The difficulty of dealing with buffer mismanagement vulnerabilities is that the memory corruption is often not observable at the time that it happens. In the best case, memory gets corrupted badly enough at the time of the corruption, such that the program crashes immediately. In the worst case, although the memory corruption occurred, memory doesn’t get corrupted badly enough at the time of corruption (a “silent” corruption) and therefore there is no immediate crash. Rather the effect of the corruption is observable through some indirect misbehavior of the program later on in execution. An example of this worst case scenario is that an unexpected variable might have its value changed, thereby leading to a different and unexpected code execution path later on. Page Heap is useful for forcing a “fail-fast” policy for memory safety. Page Heap aims to trigger the crash immediately when the memory corruption occurs.

How it Works

In the x86 architecture, Virtual Memory gives each process the appearance that it has 4 GB of address space, whether the memory pages are actually committed or not. When an address on a page that is reserved but not committed is dereferenced, a page fault is generated by the hardware. Page Heap exploits this fact by reserving a guard page at the beginning or end of a page to make sure that any adjacent reads or writes to a buffer cross a page boundary onto a page that is not committed, leading to an immediate page fault.

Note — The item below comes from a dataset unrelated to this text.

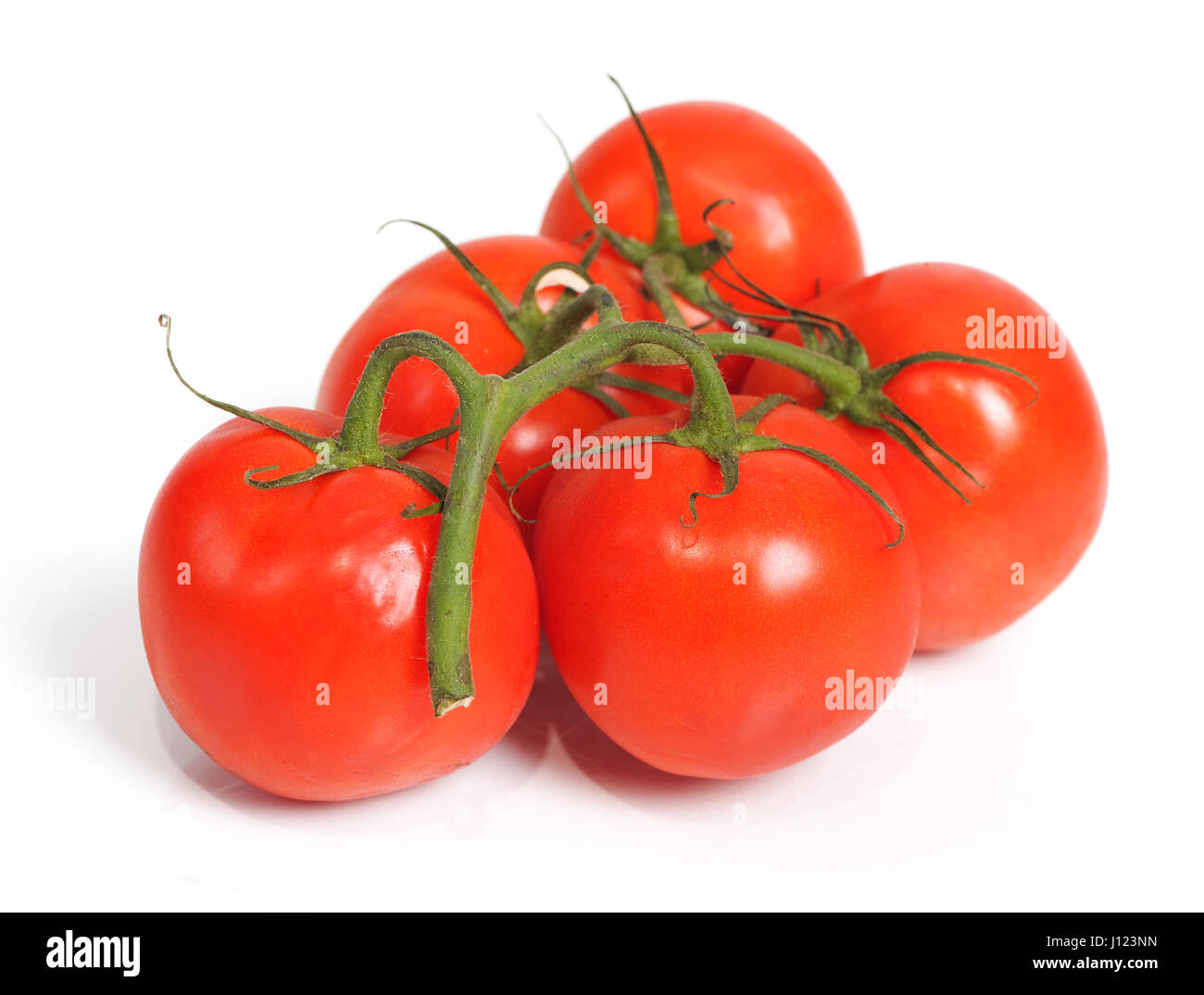 Bunch of red tomatoes isolated on white background Stock Photo - Alamy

Guard Pages are Reserved rather than Committed. Using the !address command returns MEM_RESERVE for the State, and PAGE_NOACCESS for the Protection, thereby disallowing reading, writing or executing on the page without taking up any physical memory or space in the page file. Due to the fact that guard pages are inaccessible but are taking up Virtual Address space, Virtual Address space is wasted. For this reason, page heap is useful for debugging, but could lead to problems in a production environment.

For the 3 main types of Heap Policies below, the following code (compiled to PageHeap.exe) will be used as an example, and the “vulnerable line of code here” comment will be replaced by one of the multiple lines of code in each section to trigger the crash.

#include "stdafx.h"

class Buffer
              //initialize our buffers
              memcpy(buffer1, "AAAAAAA", 8);
              memcpy(buffer2, "BBBBBBB", 8);

       char buffer1[8];
       char buffer2[8];

void main(int argc, char* argv[])
       Buffer * myBuffer = new Buffer(); 
       //vulnerable line of code here

       delete myBuffer;
       while (true){}

Full Page Heap

Command: “gflags /p /enable PageHeap.exe /full”

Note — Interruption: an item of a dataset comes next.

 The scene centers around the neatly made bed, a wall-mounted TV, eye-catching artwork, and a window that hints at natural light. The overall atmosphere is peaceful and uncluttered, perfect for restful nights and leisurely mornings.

This Heap Allocation Policy allocates buffers at the END of the memory page. A buffer OVERflow would attempt to access memory PAST the END of the page into the guard page, triggering an immediate page fault.

Vulnerable line of code:

memcpy(myBuffer->buffer2 - 9, myBuffer->buffer1, 8); //Buffer Underflow (write)
memcpy(myBuffer->buffer2 + 1, myBuffer->buffer1, 8); //Buffer Overflow (write)
memcpy(myBuffer->buffer2, myBuffer->buffer1 + 9, 8); //Buffer Overflow (read)

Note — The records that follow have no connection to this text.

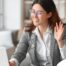 A well-dressed woman smiles and says hi on a videoconference, representing a candidate who is well-prepared for a caregiver interview.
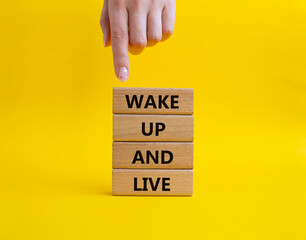 Wake up and live symbol. Wooden blocks with words Wake up and live. Beautiful yellow background....
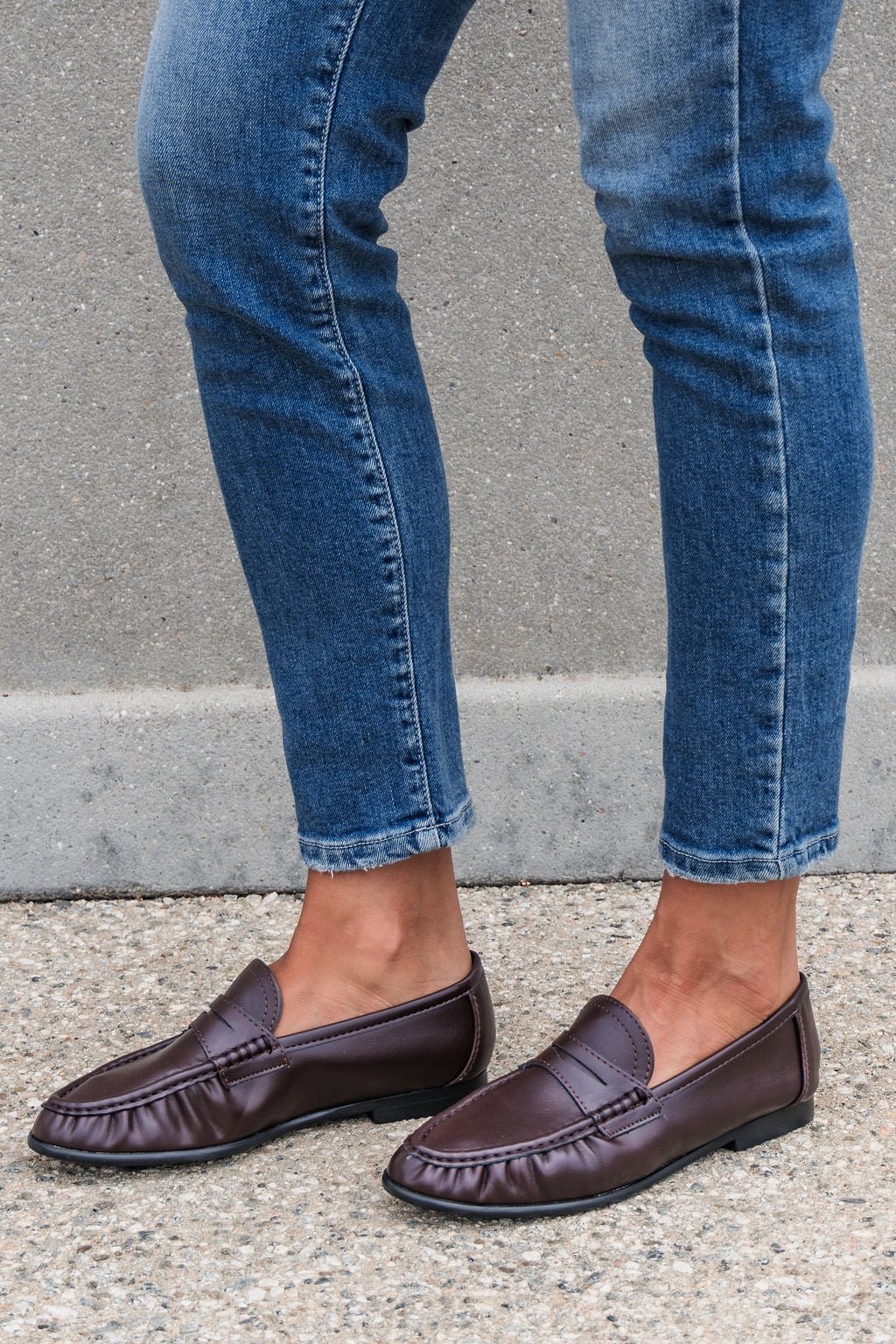 Person in blue jeans and Matisse Carlton Loafers - Brown stands on gravel before a concrete wall.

Full Page Heap-allocation at end of page with guard page following

Reverse Page Heap

Command: “gflags /p /enable PageHeap.exe /full /backwards”


This Heap Allocation Policy allocates buffers at the BEGINNING of the memory page. A buffer UNDERflow would attempt to access memory BEFORE the BEGINNING of the page into the guard page, triggering an immediate page fault. Due to the way Full Page Heap handles Buffer Underflow write, one might expect Reverse Page Heap to catch Buffer Overflow writes, but it does not.

Vulnerable line of code:

memcpy(myBuffer->buffer2, myBuffer->buffer1 - 1, 8); //Buffer Underflow (read)
memcpy(myBuffer->buffer2 - 9, myBuffer->buffer1, 8); //Buffer Underflow (write)

Reverse Page Heap-allocation at beginning of page with guard page preceding

Standard Page Heap

Command: “gflags /p /enable PageHeap.exe”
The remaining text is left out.